Even when their music exists outside of time and space, certain musicians become inseparable from the places they lived. Lou Reed was New York. Édith Piaf was Paris. Prince was Minneapolis.
For Vogue, writer Rebecca Bengal and photographer Alec Soth search Minneapolis for the houses where Prince lived or that he somehow touched during his life. Bengal talks to the man who owns the house where Prince recorded Dirty Mind. She talks to a fan who moved from Japan and saw hundreds of intimate small club shows. The woman who owns the house where Prince’s teenage band practiced put it best: “This is where greatness came from.”

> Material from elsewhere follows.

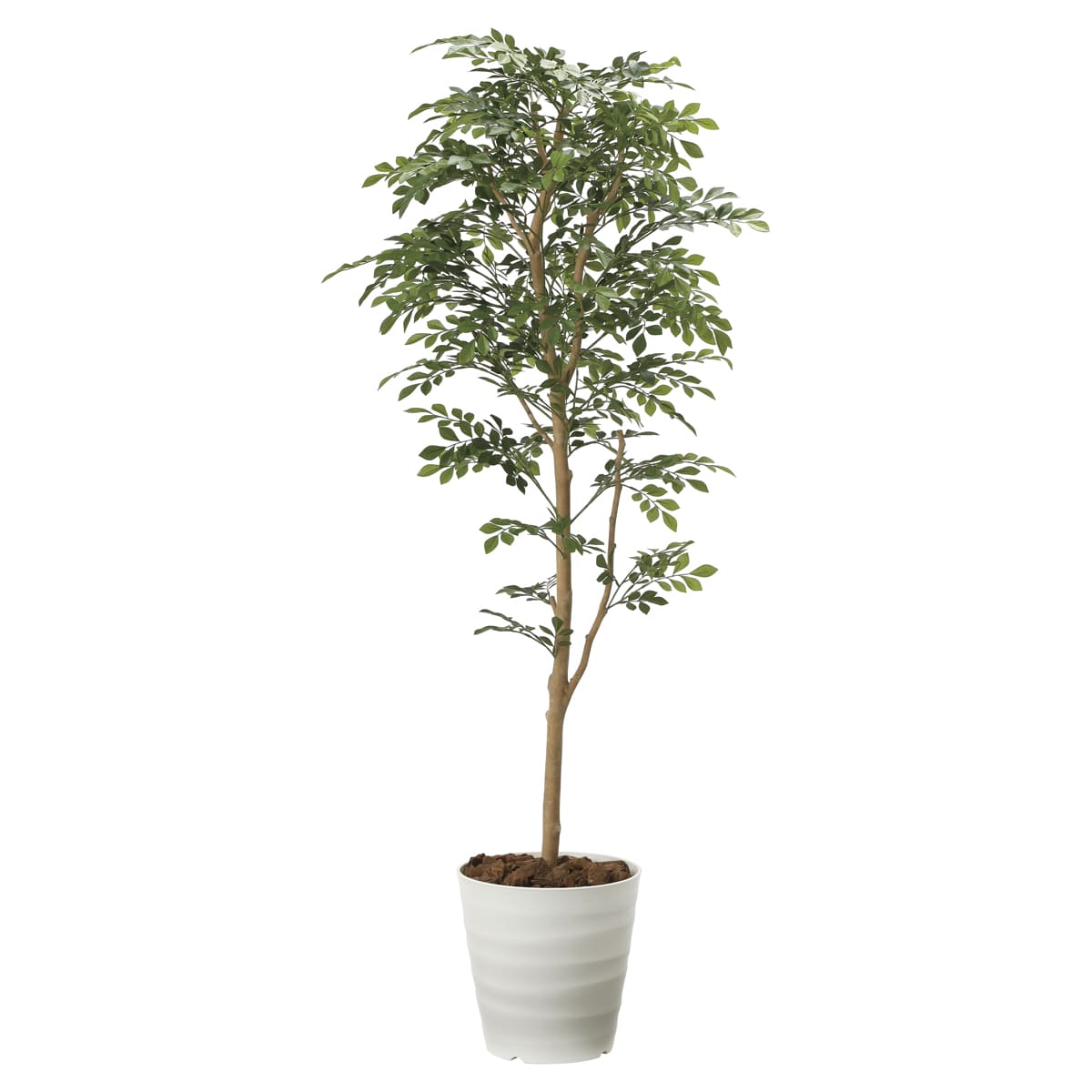 商品詳細（サイズ）■器：ポリプロピレン■機能：酸化チタン光触媒 V-CAT（消臭　抗菌　防汚　ホルムアルデヒド分解）　空気浄化（アセトアルデヒド）■サイズ：W650×D600×H1600■鉢サイズ：φ300（上面）×φ210（底面）×H295■補足：完成品／光触媒【注意事項】※オプションのご記入内容につきましては、詳しくはお問い合わせください。北海道、沖縄、離島及び中継を伴う場合は、追加送料が必要ですので別途ご案内致します。「トネリコ1.6 2107P320」のシリーズ商品法人様限定 人工観葉植物 フェイクグリーン トネリコ1.8 2094P380 アートクリエイション37,873円法人様限定 人工観葉植物 フェイクグリーン トネリコ1.2 184P240 アートクリエイション24,200円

When she came back to north Minneapolis to look at the house she didn’t recognize the address. “When we were teenagers, we didn’t know it by the house number,” she said. “We just knew it was the Anderson house. We could close our eyes and find it by following the music.” They used the side door, heading straight for the basement, where a teenage Prince Rogers Nelson would be jamming with his best friends, André Anderson now known as André Cymone and Morris Day, in their early bands Grand Central and Champagne (later Shampayne). They played one of their first paying gigs at a church around the corner, for which they each earned $3. When Prince was kicked out of his father’s house, Mrs. Anderson, who had six kids of her own, took him in. “Prince was already so focused, so serious,” Robin said. “He could go really deep and then he’d hit those high notes. Our friends called him ‘Gazoo,’ like from The Flintstones, ’cause he’d wear this white space suit–type suit, bell-bottoms, and high-heel platforms—and then he had this big Afro.”
“You see down the street?” She pointed through her kitchen window. “We would sit on that corner there on Plymouth in our pink foam hair curlers and wait for the go-ahead so we could come over and be groupies and watch them practice. It was okay to be a groupie! It was part of our culture. We were north-siders and so were they.”